As screens become more ubiquitous, how people use them becomes more important

This weekend, the Sunday New York Times Magazine published a new feature that made a bold assertion: “human contact is now a luxury good.” (I tweeted out a thread about it, but it merits being a blog post.)

Honestly, before we accept an underlying premise, I’d like to see hard data that supports this article’s conclusion about how wealthy people live today, including:

  • how much screentime “the rich” spend daily vs everyone else
  • whether they’re on computing devices versus TVs
  • what they do on those screens (consumption, production, management)

It’s possible that wealthy people spending more on experiences versus on consumer technology reflects a cultural shift and their deeper understanding of the “secret to happiness.” It could also be that cohort already has big TVs, smartphones, tablets, & computers in 2019.

Minimizing screentime in favor of human assistants or meetings is one thing, but I’d like to read more about how, exactly, the wealthy have “opted out” of having their data and their attention sold as a product. Who has been able to leverage their wealth to do this, where, and how?

For instance, how much does Uber know about how some of the rich, more powerful people in the world move around DC and when? Have “the wealthy” opted out? Or what does Google know about their interests? Have they blocked data brokers compiling a profile? And so on.

I don’t doubt many wealthy parents have altered personal tech use themselves & academic use for kids in response to growing evidence of negative impact. We all should be. That’s why I wish NYT had linked to the NIH study on screen time, not a CBS News report on it.
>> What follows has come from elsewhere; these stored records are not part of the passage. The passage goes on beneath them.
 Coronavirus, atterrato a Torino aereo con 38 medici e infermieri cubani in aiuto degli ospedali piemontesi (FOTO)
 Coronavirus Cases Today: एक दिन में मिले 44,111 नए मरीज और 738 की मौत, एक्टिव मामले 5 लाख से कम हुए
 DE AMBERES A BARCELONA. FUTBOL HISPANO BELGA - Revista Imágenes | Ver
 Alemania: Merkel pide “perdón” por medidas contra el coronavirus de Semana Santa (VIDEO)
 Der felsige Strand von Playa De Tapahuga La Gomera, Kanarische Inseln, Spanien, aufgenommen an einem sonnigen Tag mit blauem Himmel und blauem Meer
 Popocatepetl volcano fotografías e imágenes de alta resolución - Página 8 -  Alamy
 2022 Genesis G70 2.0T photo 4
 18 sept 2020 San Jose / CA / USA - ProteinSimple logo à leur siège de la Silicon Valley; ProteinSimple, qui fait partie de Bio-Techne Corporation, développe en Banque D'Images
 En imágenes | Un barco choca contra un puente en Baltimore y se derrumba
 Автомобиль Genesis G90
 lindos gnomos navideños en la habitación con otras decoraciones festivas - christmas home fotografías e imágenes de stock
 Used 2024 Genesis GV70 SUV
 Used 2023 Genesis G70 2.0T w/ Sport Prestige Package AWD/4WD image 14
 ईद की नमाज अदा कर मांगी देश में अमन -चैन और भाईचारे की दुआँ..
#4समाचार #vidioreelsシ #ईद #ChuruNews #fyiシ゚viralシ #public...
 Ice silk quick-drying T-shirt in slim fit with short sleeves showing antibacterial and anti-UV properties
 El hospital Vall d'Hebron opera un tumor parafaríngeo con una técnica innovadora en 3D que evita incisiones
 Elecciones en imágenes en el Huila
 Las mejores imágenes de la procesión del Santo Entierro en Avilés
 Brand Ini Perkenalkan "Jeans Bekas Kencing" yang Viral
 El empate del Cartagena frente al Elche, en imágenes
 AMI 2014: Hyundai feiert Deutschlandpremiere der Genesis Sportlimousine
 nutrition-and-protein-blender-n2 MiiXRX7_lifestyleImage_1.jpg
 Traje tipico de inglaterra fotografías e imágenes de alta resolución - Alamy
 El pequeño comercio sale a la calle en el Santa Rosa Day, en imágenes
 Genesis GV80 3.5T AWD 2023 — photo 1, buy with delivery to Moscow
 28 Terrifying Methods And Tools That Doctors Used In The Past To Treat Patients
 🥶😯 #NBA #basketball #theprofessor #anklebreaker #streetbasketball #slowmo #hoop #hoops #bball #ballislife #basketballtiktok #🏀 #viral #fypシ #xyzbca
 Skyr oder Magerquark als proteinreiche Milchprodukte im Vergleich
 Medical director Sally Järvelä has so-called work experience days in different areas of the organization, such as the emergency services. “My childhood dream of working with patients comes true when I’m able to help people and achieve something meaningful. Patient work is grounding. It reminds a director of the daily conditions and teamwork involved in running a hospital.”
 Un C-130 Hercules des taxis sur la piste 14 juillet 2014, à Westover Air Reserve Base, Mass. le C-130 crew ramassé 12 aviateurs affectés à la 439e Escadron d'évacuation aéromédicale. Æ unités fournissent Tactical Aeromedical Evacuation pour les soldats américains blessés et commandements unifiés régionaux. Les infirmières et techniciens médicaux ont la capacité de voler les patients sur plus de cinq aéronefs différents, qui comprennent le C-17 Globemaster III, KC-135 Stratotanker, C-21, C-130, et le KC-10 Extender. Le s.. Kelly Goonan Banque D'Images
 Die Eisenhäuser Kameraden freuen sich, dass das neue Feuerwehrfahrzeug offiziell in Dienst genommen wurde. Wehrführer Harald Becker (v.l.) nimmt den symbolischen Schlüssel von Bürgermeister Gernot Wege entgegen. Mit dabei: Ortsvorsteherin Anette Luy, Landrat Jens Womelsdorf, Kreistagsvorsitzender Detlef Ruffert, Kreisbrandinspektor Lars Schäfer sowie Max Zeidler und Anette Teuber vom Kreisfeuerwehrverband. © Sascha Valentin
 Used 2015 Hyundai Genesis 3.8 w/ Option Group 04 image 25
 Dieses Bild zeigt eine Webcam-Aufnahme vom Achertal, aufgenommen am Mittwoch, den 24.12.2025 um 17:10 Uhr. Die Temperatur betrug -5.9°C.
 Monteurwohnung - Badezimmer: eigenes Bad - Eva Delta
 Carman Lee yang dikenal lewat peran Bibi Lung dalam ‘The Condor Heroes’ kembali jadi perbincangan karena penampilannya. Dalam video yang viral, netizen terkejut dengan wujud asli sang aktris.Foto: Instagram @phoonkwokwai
Parents, teachers, principals, and legislators all need to be even more involved not just in crucial access issues (like whether a school has a broadband Internet access or a computer for each child) but also their use. Are kids gaming, watching and consuming? What? How often? At what ages? Or coding, writing, or creating? Are teachers showing them videos on their personal devices?

But education tech aside (the most important part of this piece, to me) I think the assertion that “human contact is rare” for poor people also needs more data behind it, particularly as the result of tech companies intending to confuse themes.

If you don’t have money, you can’t pay for someone else’s time. You can’t outsource a task or errand. You trade time, labor, & even health to earn money. For some parents, work means letting kids watch TV or phone isn’t as much of a choice.

The NYT reporter talked to Sherry Turkle about this, who compared screentime to fast food. It’s…an apt comparison! People know it’s unhealthy, but it’s cheap, accessible, ubiquitously marketed, & can be comforting. Behavioral addictions mediated by tech have parallels to other public health problems.

What’s missing is the extent to which tech use and human contact is mediated not just by wealth but by power, as I discussed with Turkle years ago. It’s implicit, but bears discussion. I suspect it’s only a “status symbol” to be device-free within tiny wealthy and/or highly educated cohorts.

As technology is integrated more into every profession & industry, who has to be connected & when is only the start of a conversation implicating not just workers’ rights but civil liberties & human dignity. Consider who has to wear GPS anklets after they serve their sentences in prison, or the explosion in workplace tracking and the expansion of the “employer surveillance state.”

The NYT article ends not by interrogating this dynamic between wealth or power, or disparities in screen use across class, race or gender, but exploring how tech connects humans in nursing homes, enabling remote workers interact with bed-ridden seniors, the impact of which could be its own followup story.

Some research I’ve seen (and the New York Times has published) suggests technology is not driving us apart, but connecting us.

How, where, when, who, and to what effect remain questions I hope we all keep asking.